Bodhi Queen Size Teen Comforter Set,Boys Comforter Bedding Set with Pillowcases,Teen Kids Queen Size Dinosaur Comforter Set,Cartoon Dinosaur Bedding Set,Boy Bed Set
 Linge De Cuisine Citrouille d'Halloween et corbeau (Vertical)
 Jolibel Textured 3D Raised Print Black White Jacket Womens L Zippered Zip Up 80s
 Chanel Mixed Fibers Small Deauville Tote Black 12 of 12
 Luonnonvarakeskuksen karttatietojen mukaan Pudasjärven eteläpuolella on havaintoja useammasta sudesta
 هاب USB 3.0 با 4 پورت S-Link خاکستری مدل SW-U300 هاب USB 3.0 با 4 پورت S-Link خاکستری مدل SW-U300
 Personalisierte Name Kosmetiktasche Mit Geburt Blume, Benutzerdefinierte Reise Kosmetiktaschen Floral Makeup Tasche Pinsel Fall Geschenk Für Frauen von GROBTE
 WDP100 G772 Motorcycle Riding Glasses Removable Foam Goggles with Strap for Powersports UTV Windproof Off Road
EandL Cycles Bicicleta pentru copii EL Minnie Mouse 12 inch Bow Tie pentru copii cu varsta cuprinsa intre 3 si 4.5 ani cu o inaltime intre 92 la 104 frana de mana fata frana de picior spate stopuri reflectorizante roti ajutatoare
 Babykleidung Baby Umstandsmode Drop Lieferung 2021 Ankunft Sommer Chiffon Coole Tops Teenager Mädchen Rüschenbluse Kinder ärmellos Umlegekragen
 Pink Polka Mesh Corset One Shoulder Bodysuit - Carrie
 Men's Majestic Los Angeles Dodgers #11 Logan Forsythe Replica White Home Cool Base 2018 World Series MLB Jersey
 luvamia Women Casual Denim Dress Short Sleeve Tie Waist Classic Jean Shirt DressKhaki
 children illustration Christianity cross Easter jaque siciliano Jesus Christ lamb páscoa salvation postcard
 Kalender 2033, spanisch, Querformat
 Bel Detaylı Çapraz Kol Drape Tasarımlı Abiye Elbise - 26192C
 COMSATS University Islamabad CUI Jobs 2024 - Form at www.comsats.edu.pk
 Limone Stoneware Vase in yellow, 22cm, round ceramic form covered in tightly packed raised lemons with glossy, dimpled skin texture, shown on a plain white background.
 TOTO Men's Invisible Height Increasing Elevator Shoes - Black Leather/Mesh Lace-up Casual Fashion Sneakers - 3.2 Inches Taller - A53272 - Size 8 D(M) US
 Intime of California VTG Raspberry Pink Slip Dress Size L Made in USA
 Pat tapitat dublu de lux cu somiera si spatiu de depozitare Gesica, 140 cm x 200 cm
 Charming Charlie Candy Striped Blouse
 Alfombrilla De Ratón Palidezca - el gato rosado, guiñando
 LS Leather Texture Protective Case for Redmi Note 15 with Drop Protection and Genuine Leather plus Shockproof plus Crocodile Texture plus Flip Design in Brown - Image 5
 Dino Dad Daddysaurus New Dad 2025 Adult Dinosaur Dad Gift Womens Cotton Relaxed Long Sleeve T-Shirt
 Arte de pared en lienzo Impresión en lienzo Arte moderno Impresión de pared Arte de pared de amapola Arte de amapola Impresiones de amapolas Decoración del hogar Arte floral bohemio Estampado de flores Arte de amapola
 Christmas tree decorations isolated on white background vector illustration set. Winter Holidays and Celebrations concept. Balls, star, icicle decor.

PROBLEM REQUIREMENTS
Referring to the material above, set down exactly the lines between the line with "LS Leather Texture" and the line with "Dino Dad Daddysaurus", inclusive, and no other lines.

ANSWER TO THE EXERCISE
 LS Leather Texture Protective Case for Redmi Note 15 with Drop Protection and Genuine Leather plus Shockproof plus Crocodile Texture plus Flip Design in Brown - Image 5
 Dino Dad Daddysaurus New Dad 2025 Adult Dinosaur Dad Gift Womens Cotton Relaxed Long Sleeve T-Shirt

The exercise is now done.